Scaling
Scaling under load
While scaling a cache under load, configure your maxmemory-reserved
setting to improve system responsiveness. For more information, see Configure your maxmemory-reserved setting.
Scaling clusters
Try reducing data as much as you can in the cache before scaling your clustered cache in or out. Reducing data ensures smaller amounts of data have to be moved, which reduces the time required for the scale operation. For more information on when to scale, see When to scale.
Scale before load is too high
Start scaling before the server load or memory usage gets too high. If it's too high, that means Redis server is busy. The busy Redis server doesn't have enough resources to scale and redistribute data.
Cache sizes
If you're using TLS and you have a high number of connections, consider scaling out so that you can distribute the load over more cores. Some cache sizes are hosted on VMs with four or more cores. By distributing the workloads across multiple cores, you help bring down overall CPU usage on the cache VMs. For more information, see details around VM sizes and cores.
Scaling and memory
You can scale your cache instances in the Azure portal. Also, you can programmatically scale your cache using PowerShell cmdlets, Azure CLI, and by using the Azure Management Libraries (MAML).
When you scale a cache up or down in the portal, both maxmemory-reserved
and maxfragmentationmemory-reserved
settings automatically scale in proportion to the cache size.
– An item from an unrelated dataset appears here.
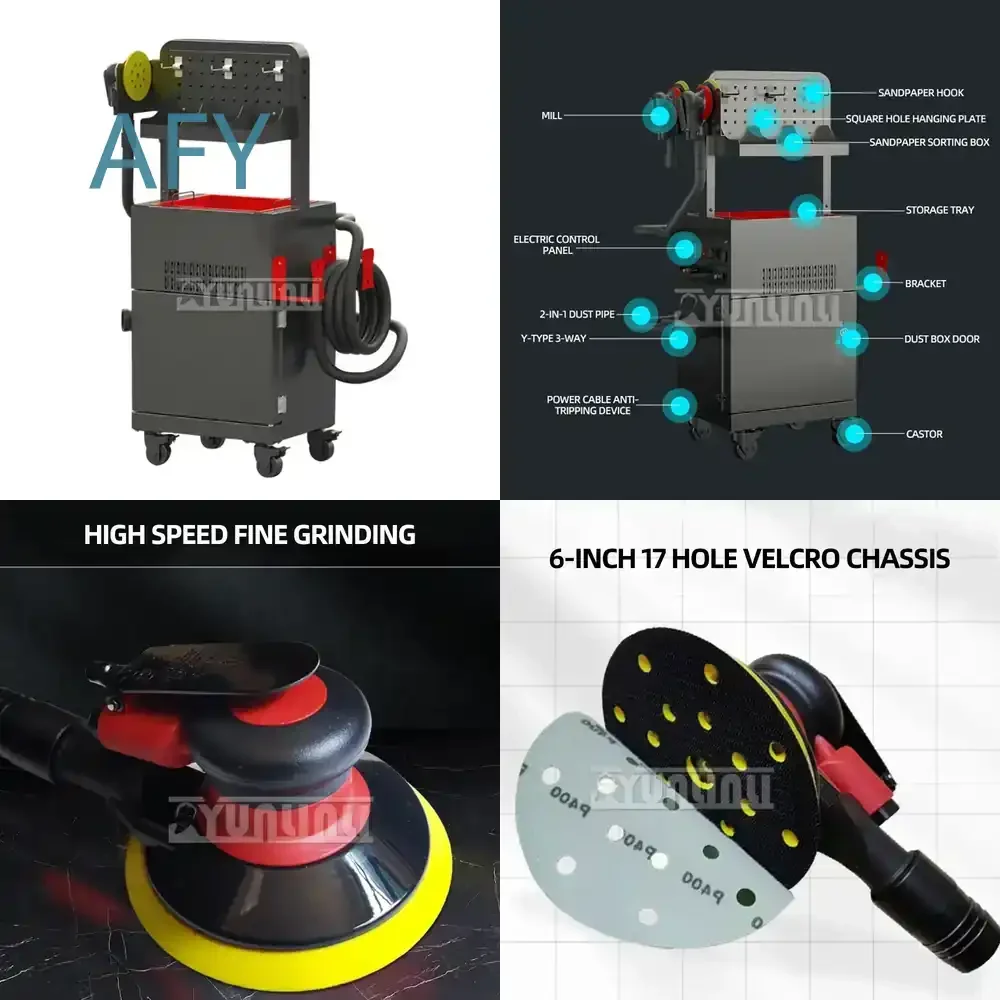 Dust-free Dry Grinding Vacuuming Machine for Pneumatic Electric Sanding Polishing 220V 1200W for Metal Wood Primer Car Waxing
For example, if
maxmemory-reserved
is set to 3 GB on a 6-GB cache, and you scale to 12-GB cache, the settings automatically updated to 6 GB during scaling. When you scale down, the reverse happens.
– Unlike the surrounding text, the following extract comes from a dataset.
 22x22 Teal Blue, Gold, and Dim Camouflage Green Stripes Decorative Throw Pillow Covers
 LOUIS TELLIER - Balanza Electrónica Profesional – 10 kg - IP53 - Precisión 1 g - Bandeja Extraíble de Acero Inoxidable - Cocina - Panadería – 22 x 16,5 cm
When you scale a cache up or down programmatically, using PowerShell, CLI or Rest API, any maxmemory-reserved
or maxfragmentationmemory-reserved
are ignored as part of the update request. Only your scaling change is honored. You can update these memory settings after the scaling operation has completed.
For more information on scaling and memory, depending on your tier see either:
Note
When you scale a cache up or down programmatically, any maxmemory-reserved
or maxfragmentationmemory-reserved
are ignored as part of the update request. Only your scaling change is honored. You can update these memory settings after the scaling operation has completed.
Minimizing your data helps scaling complete quicker
If preserving the data in the cache isn't a requirement, consider flushing the data prior to scaling. Flushing the cache helps the scaling operation complete more quickly so the new capacity is available sooner. See more details on how to initiate flush operation.